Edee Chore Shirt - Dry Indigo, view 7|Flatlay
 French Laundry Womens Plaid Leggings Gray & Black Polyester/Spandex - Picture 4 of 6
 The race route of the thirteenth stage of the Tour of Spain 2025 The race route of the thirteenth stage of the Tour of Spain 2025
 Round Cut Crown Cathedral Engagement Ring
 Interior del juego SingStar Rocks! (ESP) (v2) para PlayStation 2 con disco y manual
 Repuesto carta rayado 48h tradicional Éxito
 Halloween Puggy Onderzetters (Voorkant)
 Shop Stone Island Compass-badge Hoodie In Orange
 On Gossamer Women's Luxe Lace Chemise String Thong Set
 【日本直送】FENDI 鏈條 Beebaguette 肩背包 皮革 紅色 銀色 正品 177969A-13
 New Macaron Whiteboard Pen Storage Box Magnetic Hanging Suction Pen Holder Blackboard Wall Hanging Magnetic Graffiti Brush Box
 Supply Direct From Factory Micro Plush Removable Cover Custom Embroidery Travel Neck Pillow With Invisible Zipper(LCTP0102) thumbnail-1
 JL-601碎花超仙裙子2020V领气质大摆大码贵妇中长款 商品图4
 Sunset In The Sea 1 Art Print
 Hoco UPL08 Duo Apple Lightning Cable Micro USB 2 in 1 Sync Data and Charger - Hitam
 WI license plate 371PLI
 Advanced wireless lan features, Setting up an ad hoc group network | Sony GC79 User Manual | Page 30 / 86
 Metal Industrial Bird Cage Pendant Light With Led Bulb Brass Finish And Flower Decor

Assignment: Nothing but a number should be given: how many lines in the records hold the word "With".

Answer section: 2